Each line of the entries, from the first to the line containing "Photo of Cute", is to be transcribed exactly as it stands; include no other lines.
---------- Available data
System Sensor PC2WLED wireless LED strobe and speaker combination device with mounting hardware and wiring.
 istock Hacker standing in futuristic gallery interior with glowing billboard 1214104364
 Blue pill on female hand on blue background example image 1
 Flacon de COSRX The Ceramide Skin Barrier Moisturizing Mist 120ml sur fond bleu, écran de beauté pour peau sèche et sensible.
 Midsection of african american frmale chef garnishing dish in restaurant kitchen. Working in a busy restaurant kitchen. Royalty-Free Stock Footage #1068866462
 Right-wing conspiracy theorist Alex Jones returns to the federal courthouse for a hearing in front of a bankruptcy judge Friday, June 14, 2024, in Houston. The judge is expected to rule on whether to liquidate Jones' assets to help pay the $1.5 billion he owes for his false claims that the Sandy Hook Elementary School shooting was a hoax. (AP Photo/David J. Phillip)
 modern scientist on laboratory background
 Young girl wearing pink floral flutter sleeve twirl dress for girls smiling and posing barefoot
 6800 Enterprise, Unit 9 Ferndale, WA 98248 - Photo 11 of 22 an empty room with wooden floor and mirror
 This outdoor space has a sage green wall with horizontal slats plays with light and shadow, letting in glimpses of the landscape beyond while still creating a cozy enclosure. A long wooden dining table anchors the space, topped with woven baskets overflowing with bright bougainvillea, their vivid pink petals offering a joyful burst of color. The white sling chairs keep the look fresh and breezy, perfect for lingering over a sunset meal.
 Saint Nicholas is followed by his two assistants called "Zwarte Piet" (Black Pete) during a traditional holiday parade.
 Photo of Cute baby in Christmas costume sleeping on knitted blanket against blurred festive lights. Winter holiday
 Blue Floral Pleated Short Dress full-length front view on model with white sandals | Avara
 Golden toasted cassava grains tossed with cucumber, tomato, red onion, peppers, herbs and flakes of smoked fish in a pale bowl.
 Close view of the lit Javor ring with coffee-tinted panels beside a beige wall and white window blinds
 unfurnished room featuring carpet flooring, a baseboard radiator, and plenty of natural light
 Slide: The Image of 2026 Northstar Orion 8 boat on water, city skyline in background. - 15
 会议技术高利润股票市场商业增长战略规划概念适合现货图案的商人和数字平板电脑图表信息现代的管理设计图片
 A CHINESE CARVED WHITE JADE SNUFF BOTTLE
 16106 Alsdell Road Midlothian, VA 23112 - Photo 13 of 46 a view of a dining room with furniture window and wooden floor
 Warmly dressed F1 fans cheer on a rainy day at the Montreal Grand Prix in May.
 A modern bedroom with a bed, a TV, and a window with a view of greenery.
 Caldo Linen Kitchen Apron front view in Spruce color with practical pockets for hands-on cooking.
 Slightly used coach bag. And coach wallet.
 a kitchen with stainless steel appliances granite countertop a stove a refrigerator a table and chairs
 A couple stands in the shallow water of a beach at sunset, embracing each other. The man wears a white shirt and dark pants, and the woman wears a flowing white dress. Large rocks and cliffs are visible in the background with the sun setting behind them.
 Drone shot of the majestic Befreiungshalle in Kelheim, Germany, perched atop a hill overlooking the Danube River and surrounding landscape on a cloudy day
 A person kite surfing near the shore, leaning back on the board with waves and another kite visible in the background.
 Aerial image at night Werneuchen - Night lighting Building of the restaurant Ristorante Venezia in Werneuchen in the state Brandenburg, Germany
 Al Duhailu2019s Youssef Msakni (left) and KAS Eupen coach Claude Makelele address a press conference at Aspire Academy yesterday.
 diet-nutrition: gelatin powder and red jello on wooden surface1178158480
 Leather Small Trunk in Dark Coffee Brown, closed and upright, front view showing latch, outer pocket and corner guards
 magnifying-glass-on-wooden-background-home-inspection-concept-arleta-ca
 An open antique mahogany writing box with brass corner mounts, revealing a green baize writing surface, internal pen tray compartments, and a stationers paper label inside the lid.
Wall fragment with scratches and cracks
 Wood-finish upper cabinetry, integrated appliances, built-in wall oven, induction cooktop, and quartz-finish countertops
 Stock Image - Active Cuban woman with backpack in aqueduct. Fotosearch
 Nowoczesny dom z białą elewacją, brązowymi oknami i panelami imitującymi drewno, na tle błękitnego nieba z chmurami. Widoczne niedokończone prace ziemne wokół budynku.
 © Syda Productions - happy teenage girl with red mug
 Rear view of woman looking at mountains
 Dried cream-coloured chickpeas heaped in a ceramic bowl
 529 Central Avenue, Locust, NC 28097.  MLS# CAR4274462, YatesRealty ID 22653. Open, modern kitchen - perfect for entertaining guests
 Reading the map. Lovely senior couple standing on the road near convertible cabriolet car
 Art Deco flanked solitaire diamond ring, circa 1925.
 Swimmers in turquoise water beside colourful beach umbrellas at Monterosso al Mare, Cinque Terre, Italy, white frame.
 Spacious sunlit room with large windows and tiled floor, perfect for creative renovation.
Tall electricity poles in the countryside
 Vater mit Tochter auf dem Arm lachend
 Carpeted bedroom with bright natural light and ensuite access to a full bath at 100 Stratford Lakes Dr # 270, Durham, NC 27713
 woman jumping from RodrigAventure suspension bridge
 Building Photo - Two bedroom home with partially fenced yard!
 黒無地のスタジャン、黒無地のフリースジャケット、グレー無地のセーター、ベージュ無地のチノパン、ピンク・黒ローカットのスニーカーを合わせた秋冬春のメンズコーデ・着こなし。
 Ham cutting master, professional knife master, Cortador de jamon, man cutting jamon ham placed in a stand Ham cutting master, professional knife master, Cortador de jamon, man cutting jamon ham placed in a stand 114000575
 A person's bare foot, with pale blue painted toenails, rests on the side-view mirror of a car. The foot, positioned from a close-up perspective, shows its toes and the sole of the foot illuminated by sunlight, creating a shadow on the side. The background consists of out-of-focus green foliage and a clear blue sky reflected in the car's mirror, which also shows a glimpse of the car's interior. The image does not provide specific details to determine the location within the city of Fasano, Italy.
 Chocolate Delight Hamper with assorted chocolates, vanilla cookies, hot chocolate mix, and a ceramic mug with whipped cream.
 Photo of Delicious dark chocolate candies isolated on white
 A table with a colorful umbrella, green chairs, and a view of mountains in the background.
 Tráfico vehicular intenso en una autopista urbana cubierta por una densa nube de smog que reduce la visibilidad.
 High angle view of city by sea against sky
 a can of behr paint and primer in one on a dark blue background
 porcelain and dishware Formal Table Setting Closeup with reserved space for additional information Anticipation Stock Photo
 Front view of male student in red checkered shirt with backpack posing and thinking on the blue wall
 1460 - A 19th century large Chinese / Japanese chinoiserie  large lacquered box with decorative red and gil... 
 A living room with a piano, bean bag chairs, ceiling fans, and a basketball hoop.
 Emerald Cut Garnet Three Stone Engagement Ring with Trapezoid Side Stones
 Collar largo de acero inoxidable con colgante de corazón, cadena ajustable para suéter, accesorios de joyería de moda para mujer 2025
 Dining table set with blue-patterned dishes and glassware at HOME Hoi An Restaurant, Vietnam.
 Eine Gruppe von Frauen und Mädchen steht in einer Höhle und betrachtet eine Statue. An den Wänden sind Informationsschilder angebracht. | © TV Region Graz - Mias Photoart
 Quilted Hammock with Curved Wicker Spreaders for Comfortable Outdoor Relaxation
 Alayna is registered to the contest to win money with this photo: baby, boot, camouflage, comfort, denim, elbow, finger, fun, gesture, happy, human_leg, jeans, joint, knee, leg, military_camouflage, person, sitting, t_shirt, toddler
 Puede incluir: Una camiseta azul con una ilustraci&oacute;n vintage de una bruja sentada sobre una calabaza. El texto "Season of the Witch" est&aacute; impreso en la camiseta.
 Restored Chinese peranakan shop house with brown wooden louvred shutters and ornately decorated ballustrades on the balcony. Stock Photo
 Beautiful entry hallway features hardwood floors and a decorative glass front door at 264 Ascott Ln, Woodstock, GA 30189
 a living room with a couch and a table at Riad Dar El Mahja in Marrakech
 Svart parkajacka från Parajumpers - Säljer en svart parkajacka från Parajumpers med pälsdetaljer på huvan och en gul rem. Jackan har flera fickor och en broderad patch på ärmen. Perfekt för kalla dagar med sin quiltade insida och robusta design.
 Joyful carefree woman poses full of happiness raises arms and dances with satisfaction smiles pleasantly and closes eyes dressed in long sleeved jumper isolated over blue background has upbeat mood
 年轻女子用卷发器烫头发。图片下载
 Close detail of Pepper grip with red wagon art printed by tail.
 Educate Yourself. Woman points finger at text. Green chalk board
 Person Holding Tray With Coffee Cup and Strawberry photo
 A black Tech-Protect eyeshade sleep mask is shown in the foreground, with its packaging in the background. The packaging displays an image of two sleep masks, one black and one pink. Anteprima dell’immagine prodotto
--------------------
● Completed exercise:
System Sensor PC2WLED wireless LED strobe and speaker combination device with mounting hardware and wiring.
 istock Hacker standing in futuristic gallery interior with glowing billboard 1214104364
 Blue pill on female hand on blue background example image 1
 Flacon de COSRX The Ceramide Skin Barrier Moisturizing Mist 120ml sur fond bleu, écran de beauté pour peau sèche et sensible.
 Midsection of african american frmale chef garnishing dish in restaurant kitchen. Working in a busy restaurant kitchen. Royalty-Free Stock Footage #1068866462
 Right-wing conspiracy theorist Alex Jones returns to the federal courthouse for a hearing in front of a bankruptcy judge Friday, June 14, 2024, in Houston. The judge is expected to rule on whether to liquidate Jones' assets to help pay the $1.5 billion he owes for his false claims that the Sandy Hook Elementary School shooting was a hoax. (AP Photo/David J. Phillip)
 modern scientist on laboratory background
 Young girl wearing pink floral flutter sleeve twirl dress for girls smiling and posing barefoot
 6800 Enterprise, Unit 9 Ferndale, WA 98248 - Photo 11 of 22 an empty room with wooden floor and mirror
 This outdoor space has a sage green wall with horizontal slats plays with light and shadow, letting in glimpses of the landscape beyond while still creating a cozy enclosure. A long wooden dining table anchors the space, topped with woven baskets overflowing with bright bougainvillea, their vivid pink petals offering a joyful burst of color. The white sling chairs keep the look fresh and breezy, perfect for lingering over a sunset meal.
 Saint Nicholas is followed by his two assistants called "Zwarte Piet" (Black Pete) during a traditional holiday parade.
 Photo of Cute baby in Christmas costume sleeping on knitted blanket against blurred festive lights. Winter holiday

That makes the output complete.